1. Field of the Invention
The present invention relates to mirrors, and more particularly, to a protective coating for the silver layer of a silvered glass mirror to protect the silver layer from degradation.
2. Description of the Prior Art
Most commercial mirrors are silvered glass composite structures wherein a thin layer of silver is deposited on the surface of a glass substrate to reflect light. Silver is used because its reflectively is significantly greater than other metals. A common commercial process for fabricating such mirrors is known as a wet chemical electroless process, wherein a thin layer of chemically reduced silver is precipitated onto a sensitized glass surface. In order to protect the silver layer from damage and degradation, a protective coating is applied to its exposed surface. A common protective coat is comprised of a copper layer deposited over the silver layer with a thick enamel paint spread over the copper layer. The copper layer interposed between the silver and paint layers enhances adhesion of the paint to the silver. A typical composite silvered glass mirror structure is shown in FIG. 1.
Silvered glass mirrors structured as described above have been used indoors without significant problems for many years. The more recent interest in use of mirrors for solar collector applications, such as heliostats, has resulted in more test installations of mirrors outdoors. While such tests have indicated economic feasibility of mirrored solar collector concepts from an energy standpoint, they unfortunately also revealed that conventional silvered glass mirrors do not stand up very well in outdoor environments. In fact, the reflective properties of most conventional mirrors undergo substantial degradation within several months to several years in outdoor environments, which is a relatively short time when a useful life of 20 years is generally considered to be minimum design requirements for economical solar collector installations.
The exact optical and mechanical degradation mechanisms of this physiochemical corrosion process are not well understood. Environmental and electrochemical test have shown that the corrosion reaction that occurs at the glass/metal interface of a mirrored surface is extremely sensitive to interfacial environment. It is believed that collection of humidity and chemicals normally found in the atmosphere in imperfections and crevices of the plated metal surface, fabrication chemicals, glass leaching, local hot spots and stresses, and photoactivation of the surface metals produces deleterious effects and causes large variances in the durability of mirrored surfaces.

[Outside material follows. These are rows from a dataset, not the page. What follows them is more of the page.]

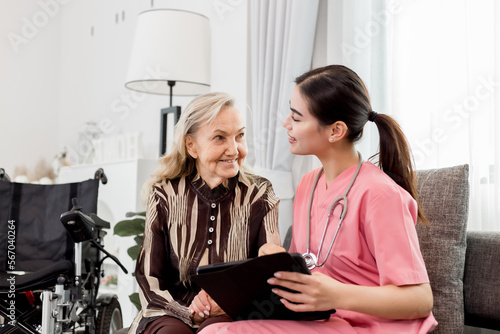 Pleasant confident skilled blond woman doctor in glasses and white coat, visiting patient, senior lady, at home for treatment control, handshaking and giving recommendations. Healthcare concept
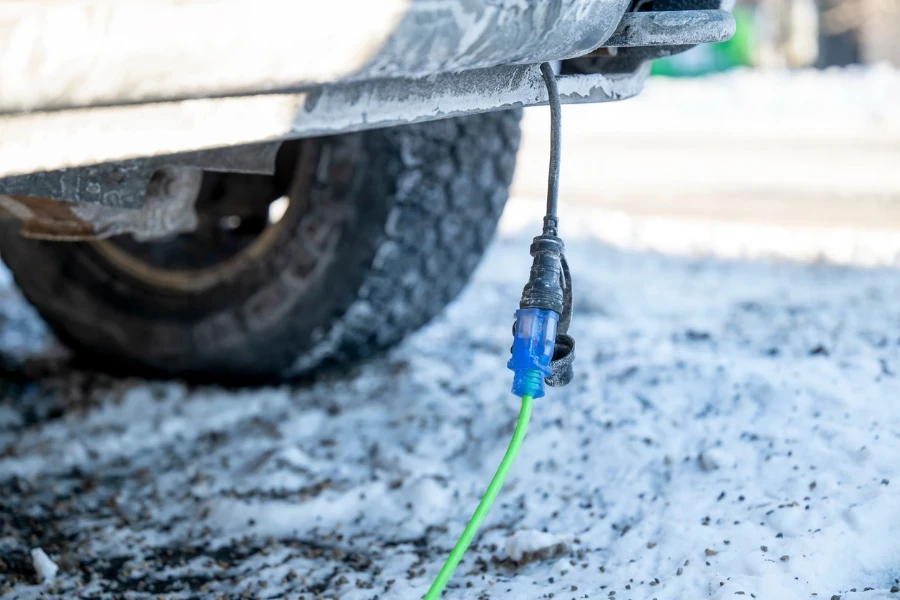 Closeup of extension cord plugged into truck on cold day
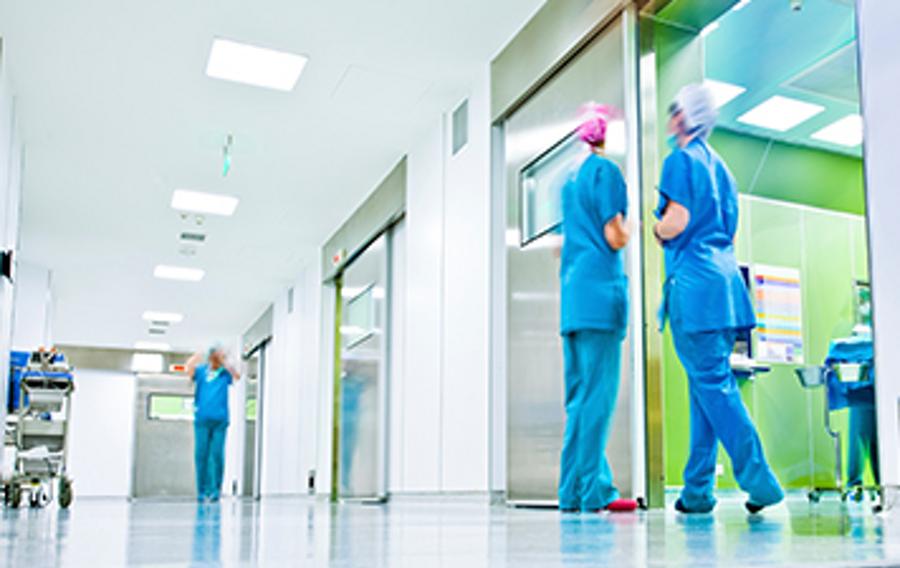 People in the hallway of a hospital.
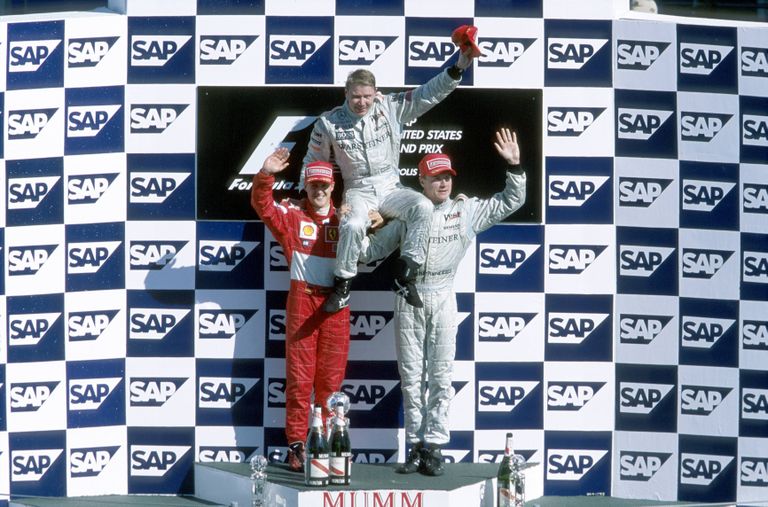 Michael Schumacheri (punases) rekordseeria algas siit, USA GP 2001. Seitsmekordne maailmameister saavutas seal Mika Häkkineni (keskel) järel ja David Coulthardi ees teise koha.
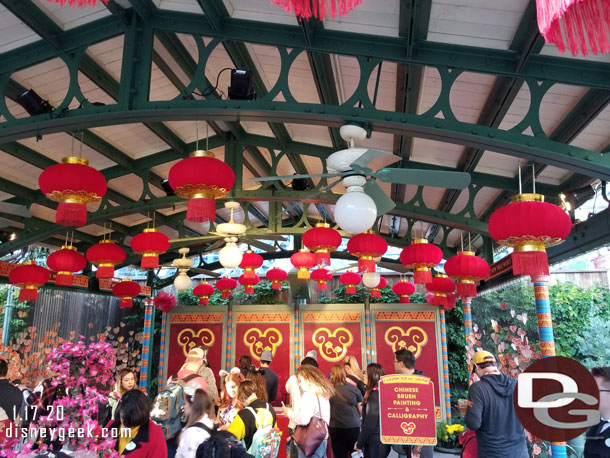 In the back is Chinese Brush Painting & Calligraphy and the front a table to write out your wish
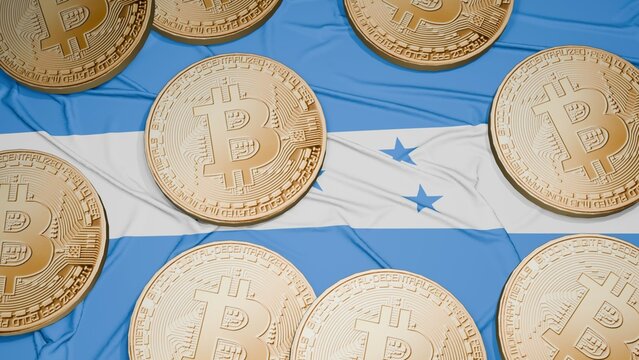 Several bitcoins are laid out on the flag of Honduras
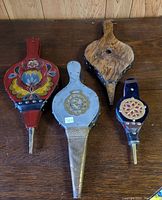 Four vintage fireplace bellows arranged on a wooden surface, showing different decorative styles and materials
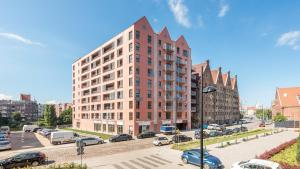 a tall building with cars parked in a parking lot at Dom & House - Apartments Waterlane Island in Gdańsk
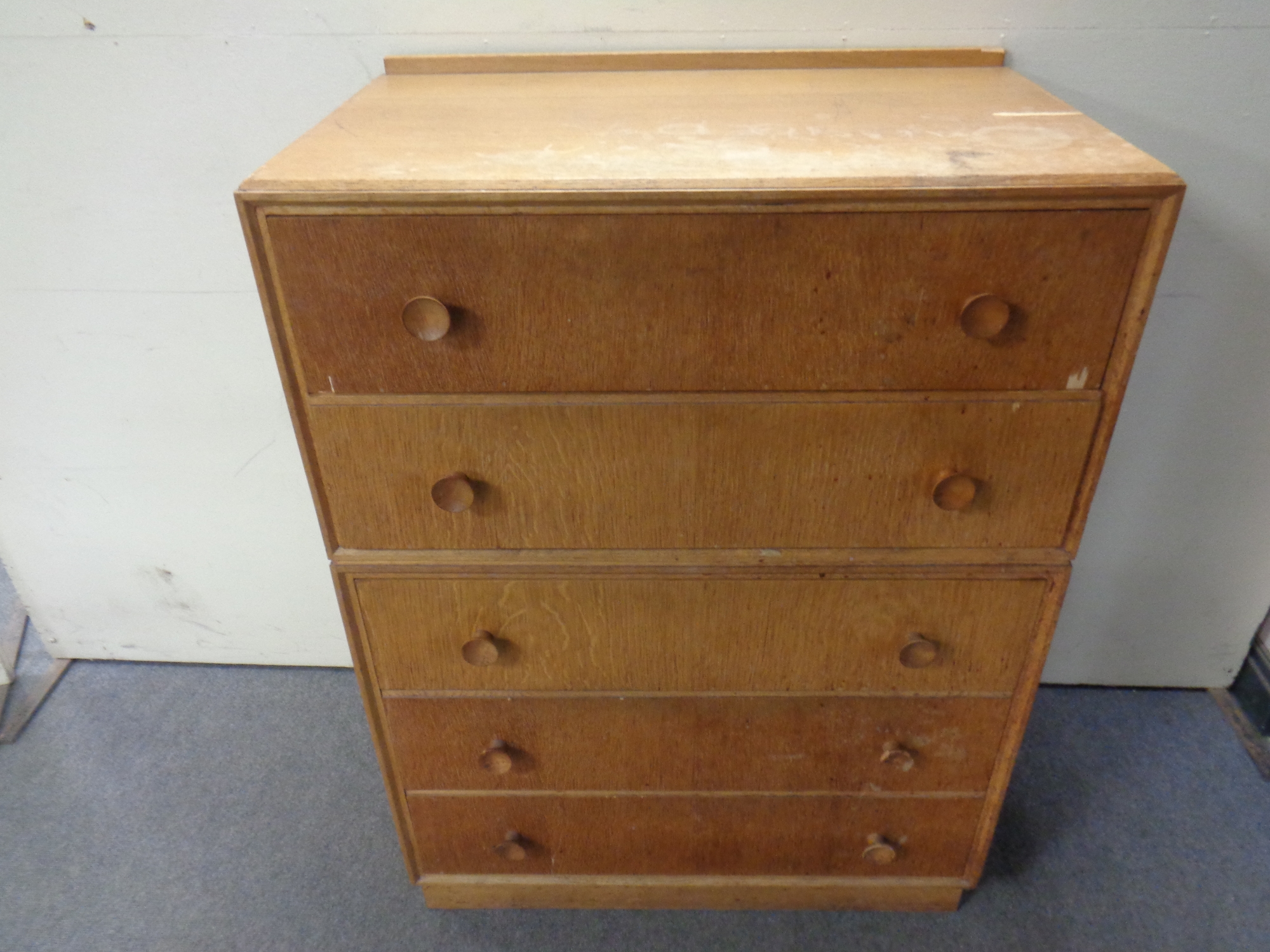 A 20th century oak five drawer chest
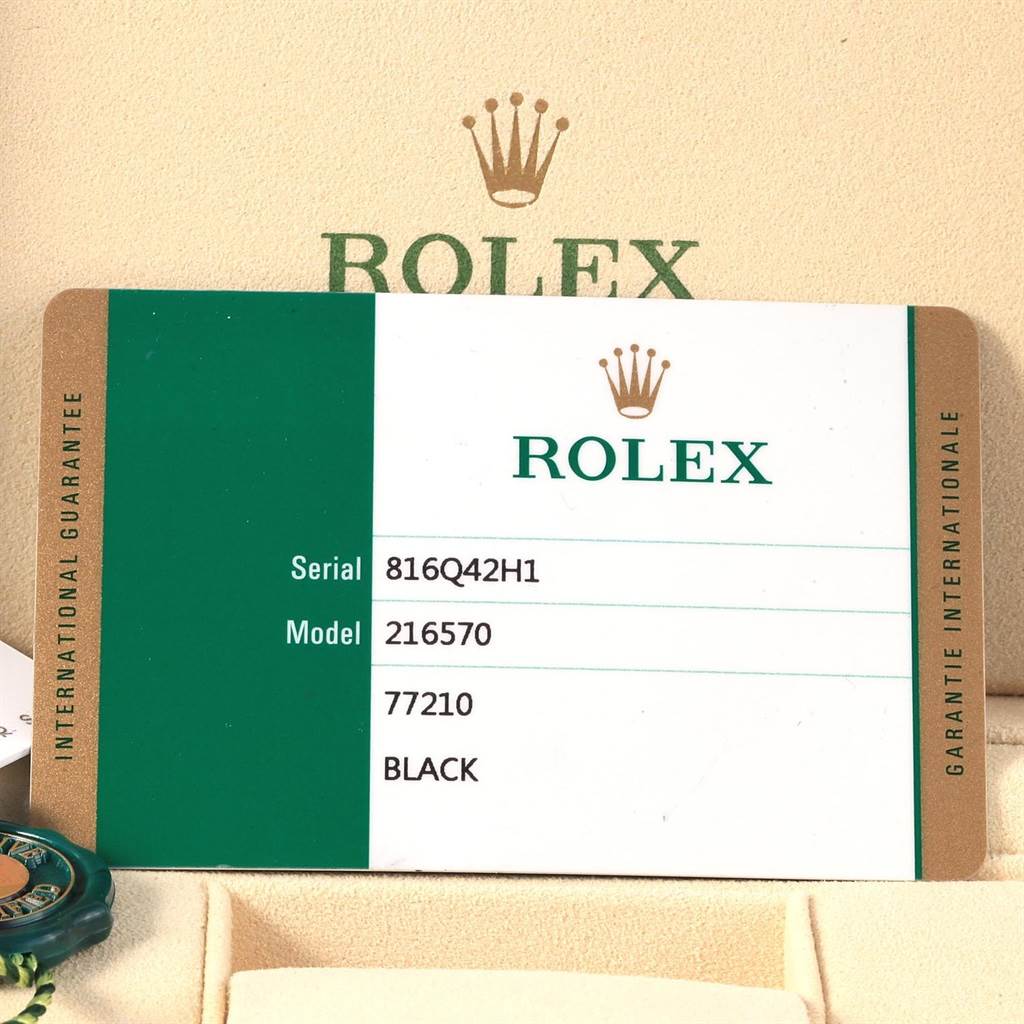 The image shows a Rolex Explorer 216570 Men's Stainless Steel Black Dial 216570 Men's Stainless Steel Black Dial model 216570 warranty card, including the serial number and color information.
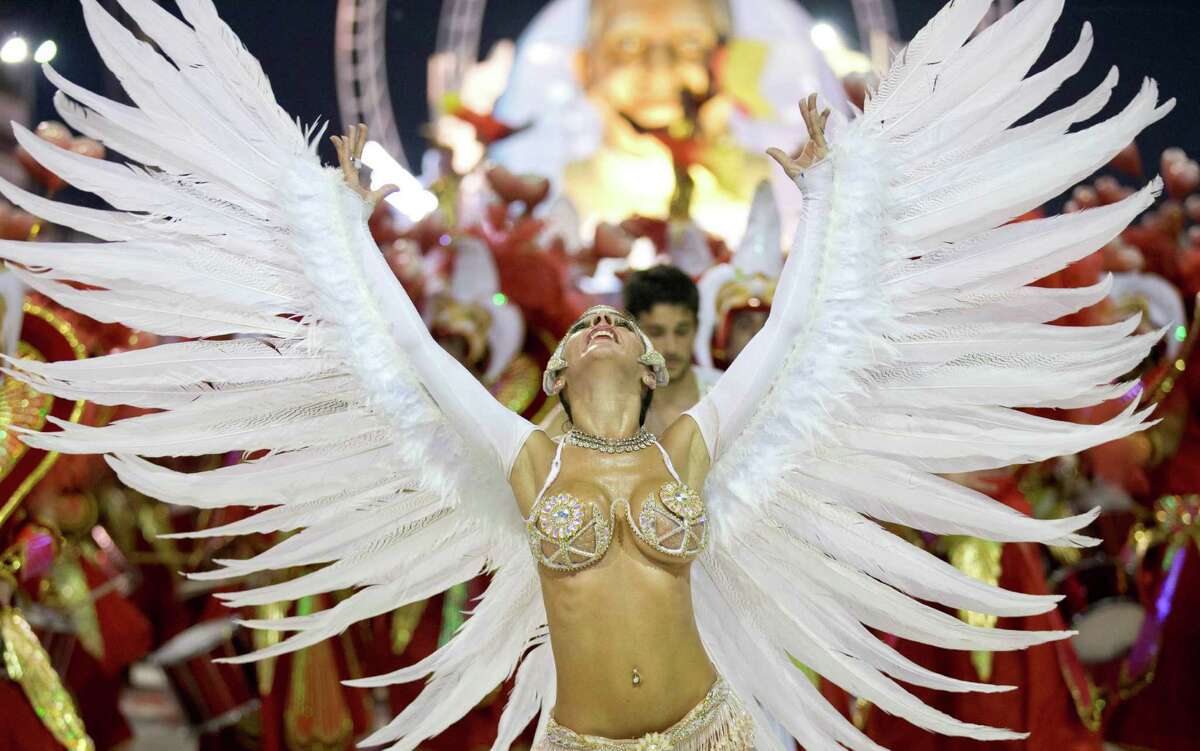 A dancer with the Ara Yevi samba school performs during a carnival parade that pays tribute to Pope Francis in Gualeguaychu, Argentina, early Sunday, Jan. 11, 2015. The troupe's main song says : "We're the power of a revolution, let's make noise, it's carnival," quoting the Argentine Pontiff's famous call to "make noise" to the crowd during his 2013 visit to Brazil.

Detailed surface analyses of mirrors degraded in outdoor environments have indicated several possible mechanisms for chemicaly induced changes at critical interfaces, such as at the silver/glass interface. Both iron and alkali metal ions have been found to concentrate at the silver/glass interface and are suspected of reducing the silver to glass bond strength and contributing to silver degradation when water diffuses from exposed edges or from coating flaws into the silver/glass interface. This interface is also weakened by the tendency of the glass to form a hydroxide gel layer on its surface. Such gel formation is promoted by the reduction of tin complexes (sensitizers) applied on the glass surface during the wet chemical electroless process of mirror fabrication, by water adsorbed on the glass surface from the air and by other interfacial impurities which result from subsequent mirroring steps in the fabrication process, including copper plating and enameling or painting.
In order to fabricate a better mirror structure that is capable of withstanding outdoor use for prolonged periods of time, such as 20 years or more, without degrading its reflective properties, it is necessary to protect the critical interfaces in the mirror from such destructive chemical reactions. Prior to this invention, such protection for mirrors was unknown.